Academic journal article Human Factors

Cognitive Anchoring on Self-Generated Decisions Reduces Operator Reliance on Automated Diagnostic Aids

Academic journal article Human Factors

Cognitive Anchoring on Self-Generated Decisions Reduces Operator Reliance on Automated Diagnostic Aids

Article excerpt

INTRODUCTION

The use of automated diagnostic aids is becoming increasingly common within a variety of complex systems, such as aviation, nuclear power, and health care. The ultimate effectiveness of these aids, however, is seldom realized because operators tend to undertrust imperfectly reliable automation, resulting in its disuse (Parasuraman & Riley, 1997; Wickens & Hollands, 2000). In the case of automated diagnostic aids, such disuse is often manifested in the form of operator disagreements with the aid, even when aided performance is statistically more accurate than unaided performance (Wiegmann, Rich, & Zhang, 2001).
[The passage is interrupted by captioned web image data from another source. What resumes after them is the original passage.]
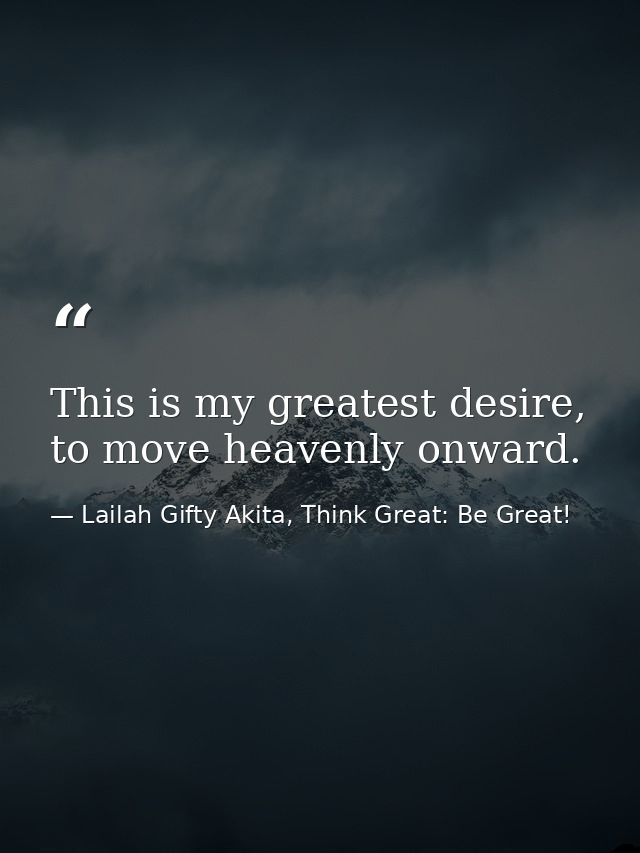 This is my greatest desire, to move heavenly onward. — Lailah Gifty Akita, Think Great: Be Great!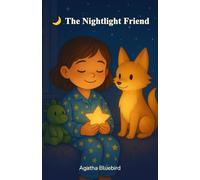 The Nightlight Friend: Turn nighttime fears into magical adventures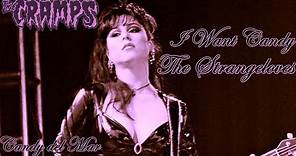 The Cramps - Candy del Mar - The Strangeloves, I want candy.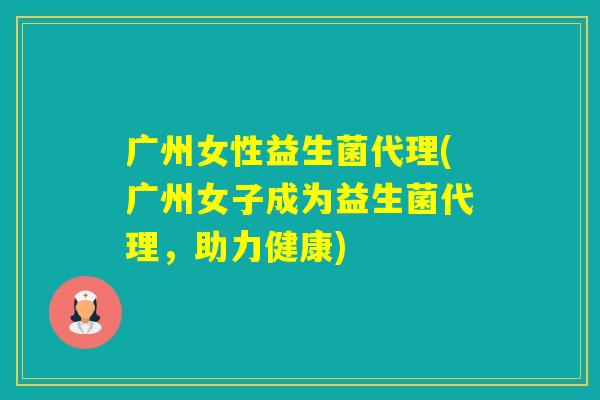 广州女性益生菌代理(广州女子成为益生菌代理，助力健康)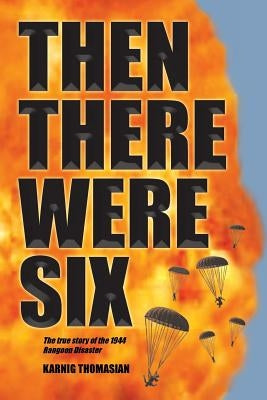 Then There Were Six: The true story of the 1944 Rangoon Disaster by Thomasian, Karnig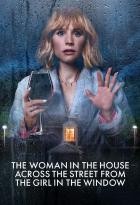 The Woman in the House Across the Street from the Girl in the Window - Staffel 1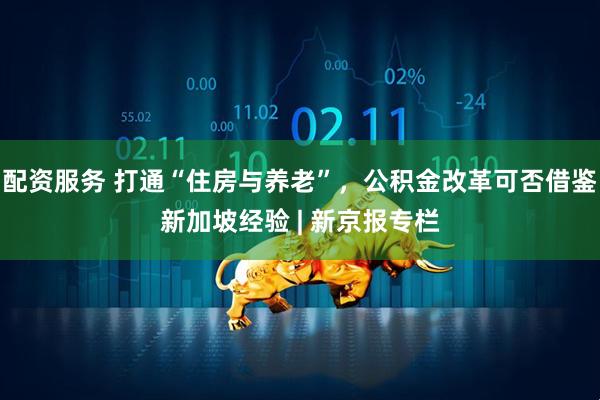 配资服务 打通“住房与养老”，公积金改革可否借鉴新加坡经验 | 新京报专栏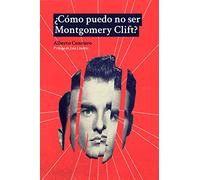 ¿Cómo puedo no ser Montgomery Clift? (DOS BIGOTES)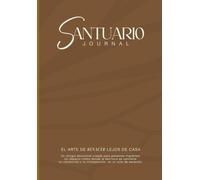 Santuario Journal: Un refugio emocional para migrantes
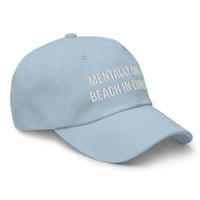 "Mentally on a Beach in Europe" Hat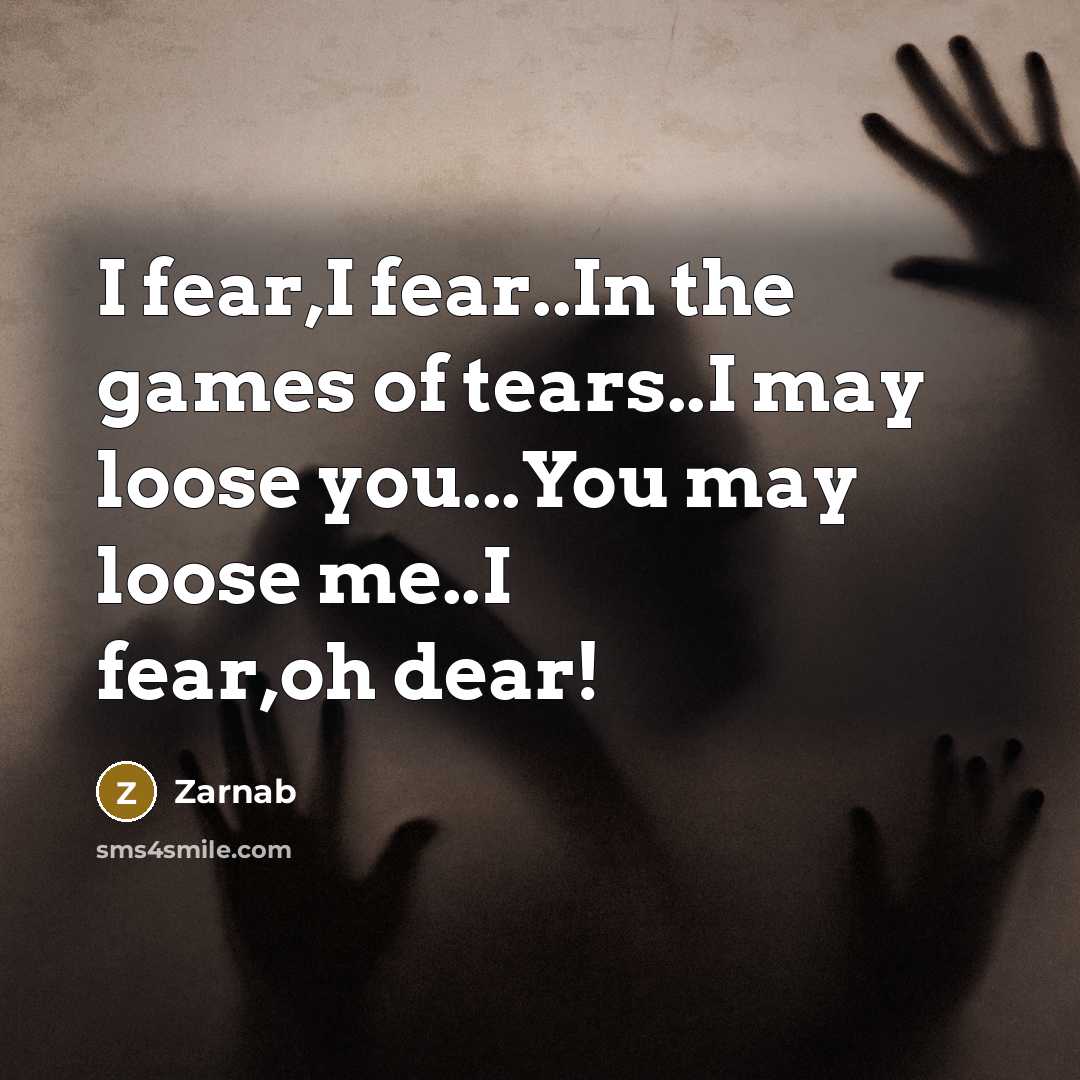 “I fear,I fear..In the games of tears..I may loose you...You…” quote by Zarnab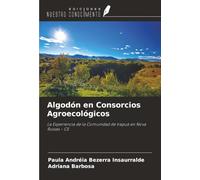 Algodón en Consorcios Agroecológicos: La Experiencia de la Comunidad de Irapuá en Nova Russas - CE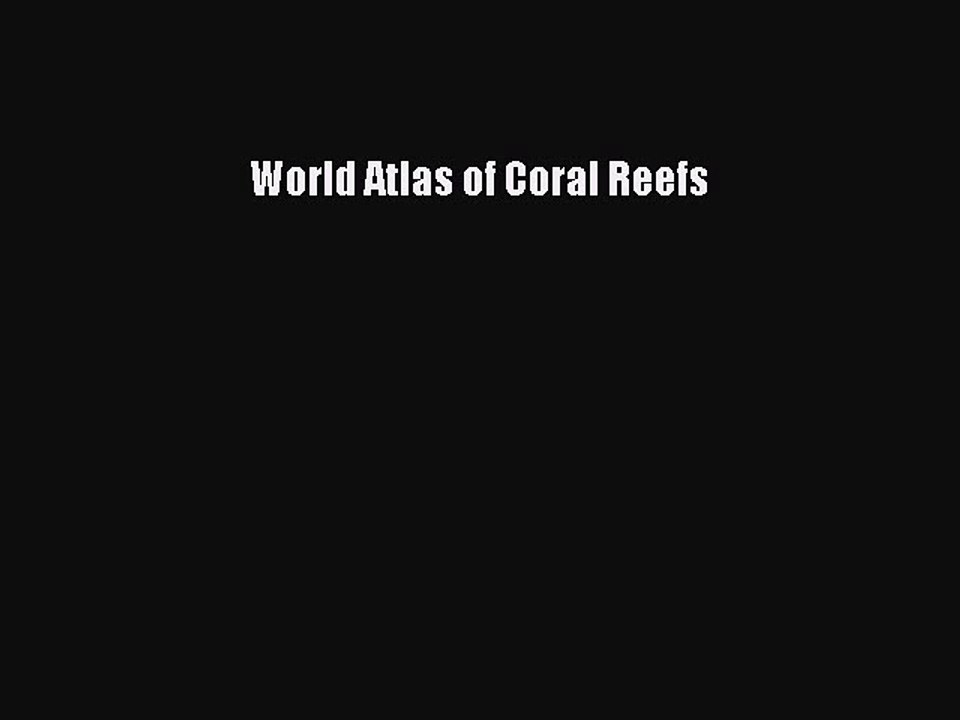Read World Atlas of Coral Reefs Ebook Free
Disuse of automated aids can occur even when systems are opaque (i.e., provide little or no information to the operator upon which to base a diagnosis; Wiegmann, 2002; Wiegmann et al., 2001). For example, handheld analyzers are now commonly used to help airline luggage inspectors detect the presence of hidden contraband such as narcotics and explosives in passenger luggage. Given that luggage is generally opaque, operators must rely almost entirely on the automation to perform this analysis. Although such analyzers are fairly accurate, they do have a tendency to produce false alarms. Consequently, operators generally undertrust these devices and have reportedly ignored analyzer alarms (Parasuraman, Hancock, & Olofinboba, 1997). Anecdotally, operators formulate an opinion concerning the likelihood that a particular passenger might be dangerous and then base their interpretation of the automated alarm based on this hypothesis--a phenomenon known as cognitive anchoring.

Cognitive Anchoring

A great deal of empirical evidence in cognitive and social psychological research suggests that when people are faced with discrepant information after choosing a certain hypothesis, they have a strong tendency to bias their belief revisions in favor of the initially chosen hypothesis (Einhorn & Hogarth, 1982; Hogarth & Einhorn, 1992; Tversky & Kahneman, 1974; Wickens & Hollands, 2000). They often behave as if they have attached a "mental anchor" to the initial hypothesis and do not easily shift it to the alternative, giving the impression that "first impressions are lasting." Likewise, operators of imperfectly reliable automation might attempt to circumvent automation errors by generating their own independent decisions about system states prior to receiving information from the diagnostic aid. Consequently, there may be a strong a tendency for operators to "cognitively anchor" their final decisions onto their initial hypotheses, thus increasing the probability that operators will disagree with an aid that provides alternative information, regardless of the objective accuracy of the aid's diagnoses.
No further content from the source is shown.